**Task inputs:**
* * * * * * *

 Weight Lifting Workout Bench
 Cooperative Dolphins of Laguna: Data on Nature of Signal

* * * * * * *

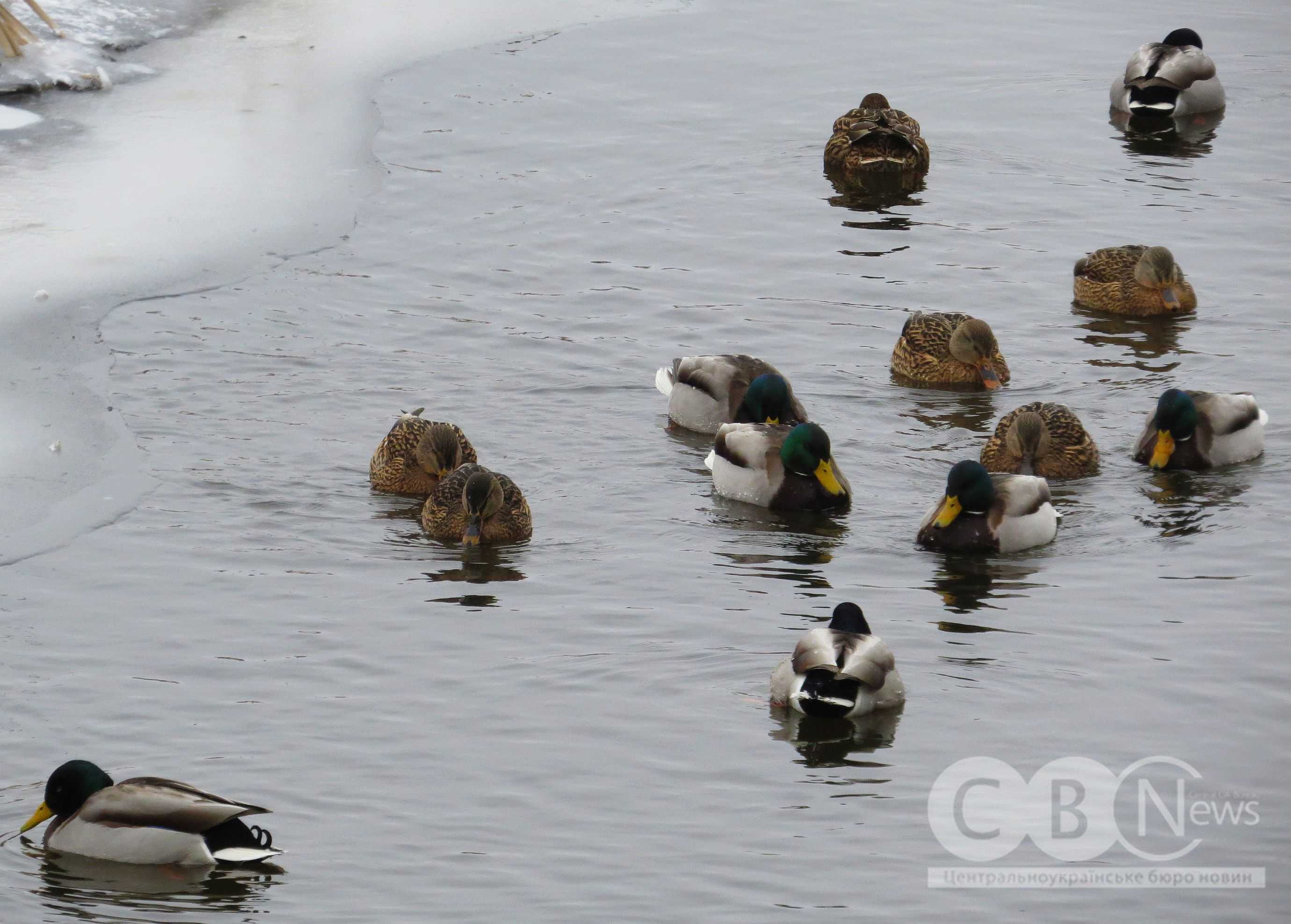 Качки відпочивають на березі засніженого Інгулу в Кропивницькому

* * * * * * *

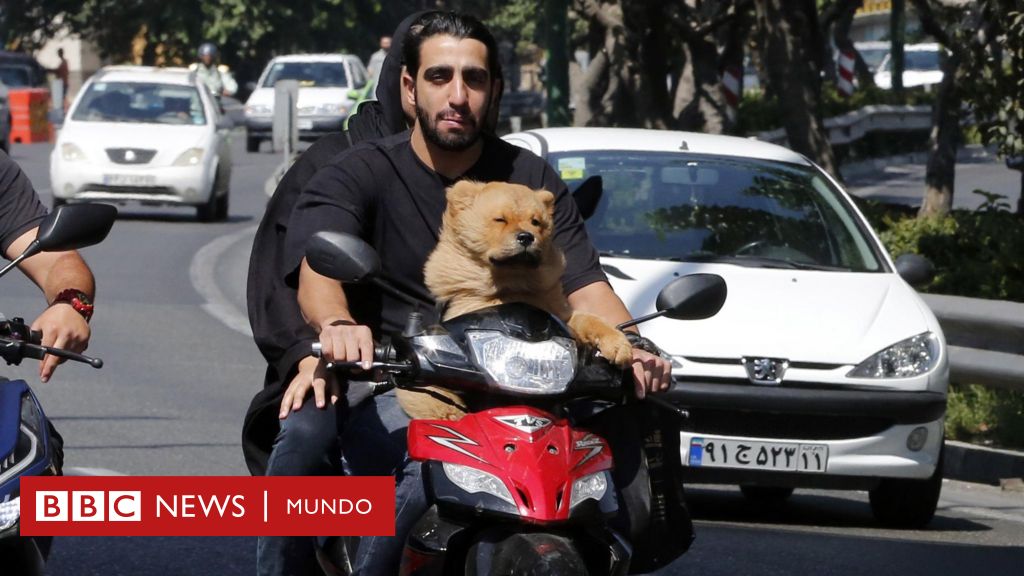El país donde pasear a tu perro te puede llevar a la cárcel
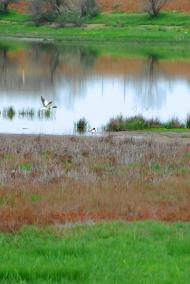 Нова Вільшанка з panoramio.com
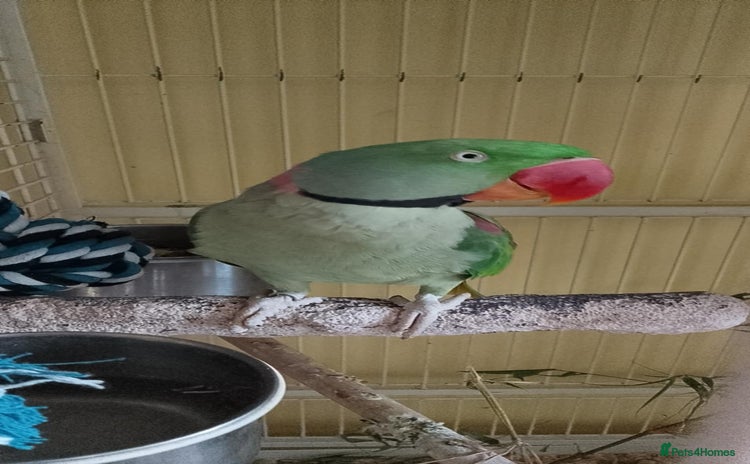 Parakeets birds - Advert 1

* * * * * * *

Print only what lies in the material above starting at the line with "Weight Lifting Workout Bench" and ending at the line with "Cooperative Dolphins of", every line exactly as given.

 Weight Lifting Workout Bench
 Cooperative Dolphins of Laguna: Data on Nature of Signal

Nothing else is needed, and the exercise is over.